Filling up a filesystem due to not managing log files
If your archive log filesystem is separate and fills up, it doesn’t hurt anything. If the filesystem your active log path is on fills up, your database will be inaccessible until you clear up the filesystem full. The moment the filesystem is no longer full, the database will function, so there is no need to restore. I recommend monitoring for any filesystems involved in transaction logging.
Deleting too many log files and impacting recovery
If you’re on anything before DB2 9.5, make absolutely sure that you use the “include logs” keyword on the backup command. If you don’t, you may end up with a backup that is completely useless, because you MUST have at least one log file to restore from an online backup. When you delete log files, keep in mind your backup/recovery strategy. There’s very little worse than really needing to restore but being unable to do so because you’re missing a file. I recommend backing up your transaction logs to tape or through other OS level methods as frequently as you can.
Deleting recent files and impacting HADR
Sometimes HADR needs to access archive log files – especially if HADR is behind and needs to catch up.

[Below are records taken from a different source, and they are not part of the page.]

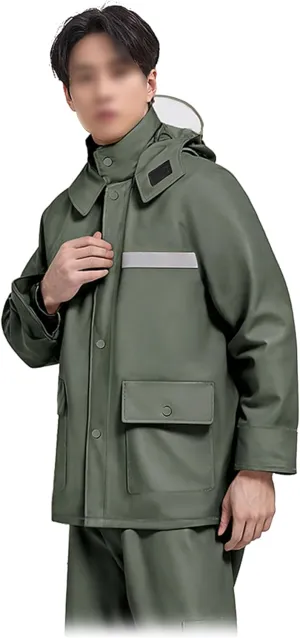 Rain Suit, Breathable Waterproof Jacket and Pant Set Men Women Reflective Rain Gear for Working Cycling Camping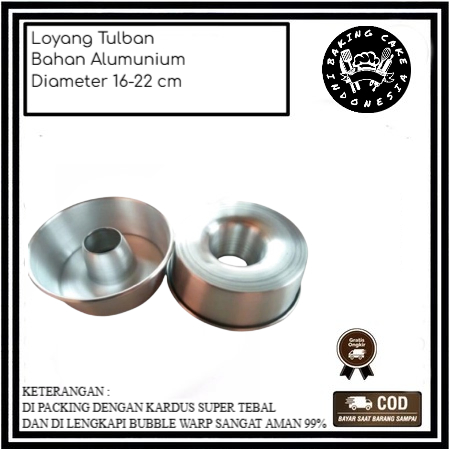 LOYANG TULBAN PRESS BIMA / LOYANG BOLU BAKING PAN TANPA SAMBUNGAN UKURAN 16-22CM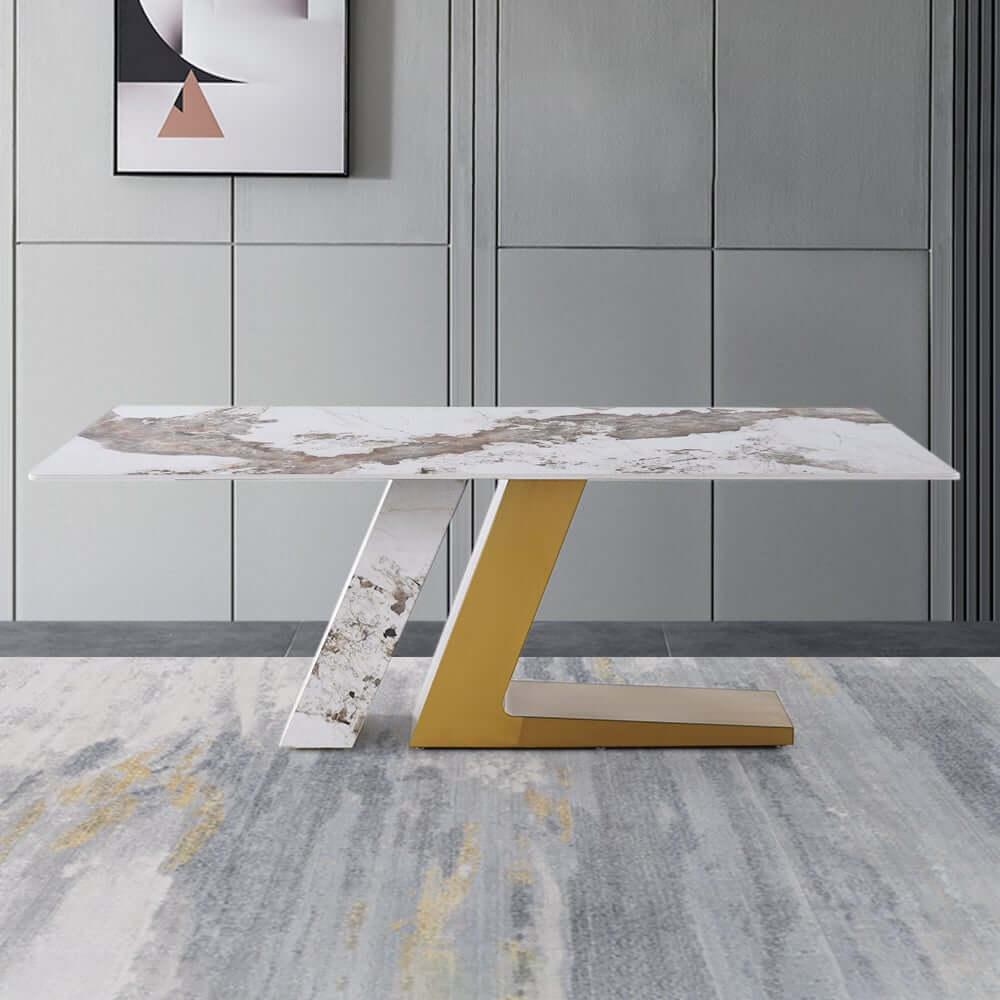 Modern Sintered Stone Dining Set With Gold Base, 9-Piece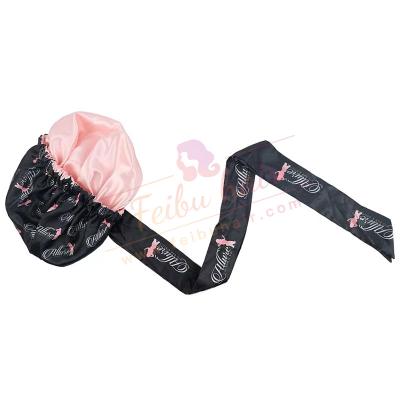 China Wholesale Custom Checked Brand Logo Hair Hood With Ties Long Satin Sleep Hood for sale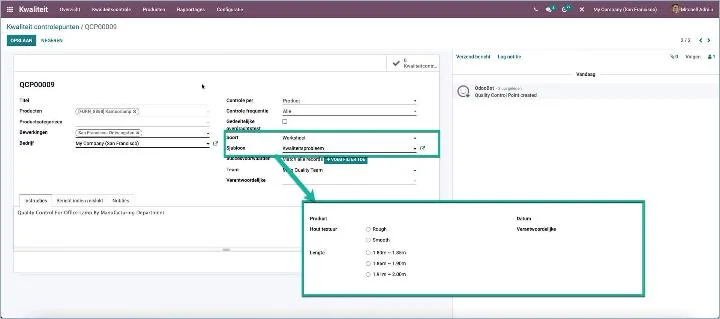 Odoo - Werkbonnen voor kwaliteitscontroles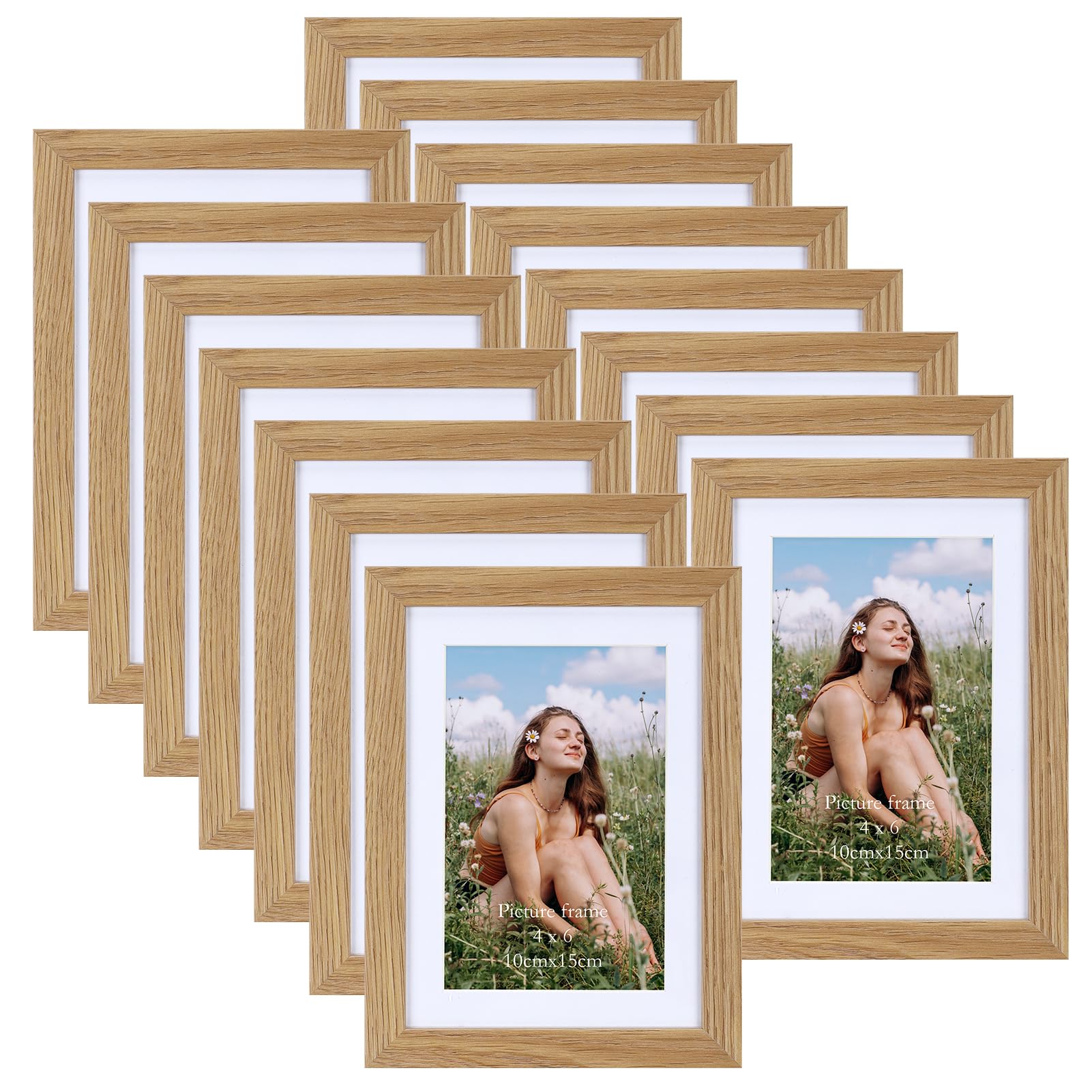 15 Pack Photo Frames 6x4 with Mat, Versatile Photo Frames 7x5 Without Mat, Natur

If you run into this situation, you have to re-set-up HADR using a database restore. If you’re using HADR, it is important to monitor HADR so you can catch failures as soon as possible and reduce the need for archive logs.
Log files too small
Tuning the size of your log files may be a topic for another post, but I’ll cover the highlights. Large deletes are the most likely to chew through everything you’ve got. The best solution is to break up large units of work into smaller pieces, especially deletes. Where that’s not possible (ahem, stagingcopy), you’ll need to increase any of LOGFILSZ, LOGPRIMARY, or LOGSECOND. Only LOGSECOND can be changed without recycling the database.
Log file saturation
This one confuses the heck out of new DBAs. You get what looks like a log file full, yet the disk is not full and a snapshot says there’s plenty of log space available. The problem here is that with archive logging, log files and each spot in those log files must be used sequentially – even if there are things that have already been committed. Normally the database is rolling through the logs, with the same number of files active at once, but constantly changing which files.
Sometimes an old connection is sitting out there hanging on to a page in the log file with an uncommitted unit of work. Then the connection becomes idle and stays that way, sometimes for days. Then DB2 gets to the point where it has to open another log file, and it can’t because that would be more than it is allowed to allocate. So it throws an error that looks pretty similar to log file full. In that case, you must force off the old idle connection. Details are written to the diag log, and you can also use a database snapshot to get the id of the connection holding the oldest log file.
This never happens to Commerce’s own connections, in my experience. It is usually a developer’s connection from what I’ve seen in Commerce databases. Commerce when functioning normally rarely has a connection with more than 5 minutes of idle time. So I like to have a db2 governor running that forces off connections that are IDLE for more than 4 hours.